Microsecond Consensus for Microsecond Applications

Posted on January 7, 2022   10 minute read ∼ Filed in  : 

Some questions about the paper.

  1. Why the logs are in cache instead of the main memory? how could they control this?

Abstract & introduction

Background

It is desirable to replciate the microsecond apps across many hosts to provide high availability. Especially for the stateful services like kv store.

Traditional State Machine Replication system add hundreds of microseconds of overhead on replication process.

Recend work explores modern hardware to decrease the replication time to several microseconds. Eg Hermes, Dare, HovercRaft. But it’s still to high for apps taking only few microsecond.

When above meet failure, it spends tens of milliseconds to recover.

Problems

How to make microsecond apps fault-tolerant through replication which operates at microsecond scale?

Contribution

The pape propose a system called MU, it leverages RDMA to implement strong consistency for microsecond apps.

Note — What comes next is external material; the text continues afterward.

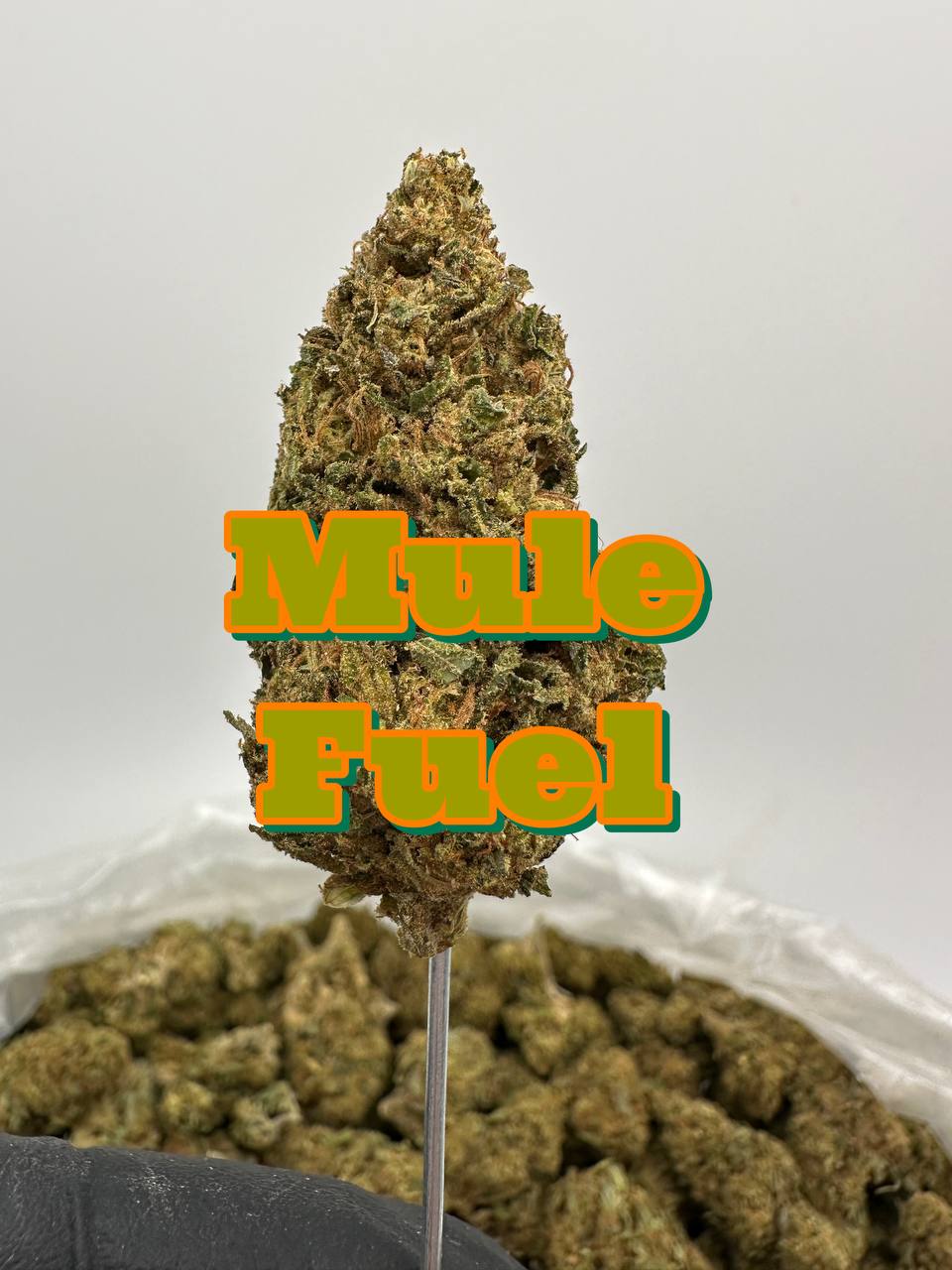 HIGH END OUTDOORS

Summary of contributations

  1. It significantly reduce both replication and failover recover latency. Specifically, it spends less than 1.3 microseconds to replicate a app request and 873 microseconds to failure recover.

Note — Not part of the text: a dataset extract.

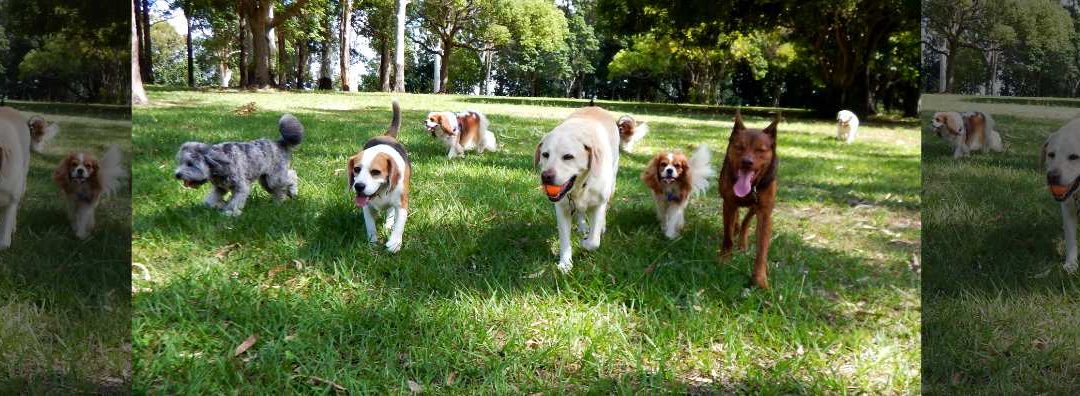 Golden Gate Park Dog Training Area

    Roughly, leader replicates a request by simple writing it directly to the log of other replicas using RDMA in parallel way and in one round, without any additional communication.

  2. Provides complete correctness proof of Mu

  3. Evaluate its raw performance

Callenge of this system:

  1. Mechanism to protect against reces of concurrent leaders.
  2. Change leaders and garbage collect logs, as described in the paper

Experiments: The system is evaluated on a financial exchange app, Redis, Memcached, HERD.

Backgrounds

Microsecond services

Modern distributed systems are composed of hundreds of stateless and stateful microservices, such as key-value stores, web servers, load balancers, and ad services—each operating as an independent app whose latency requirements are gradually decreasing to the microsecond level as the number of composed services is increasing

State machine replication

A common way to implement SMR is as follows: each replica has a copy of the service software and a log. The log stores client requests.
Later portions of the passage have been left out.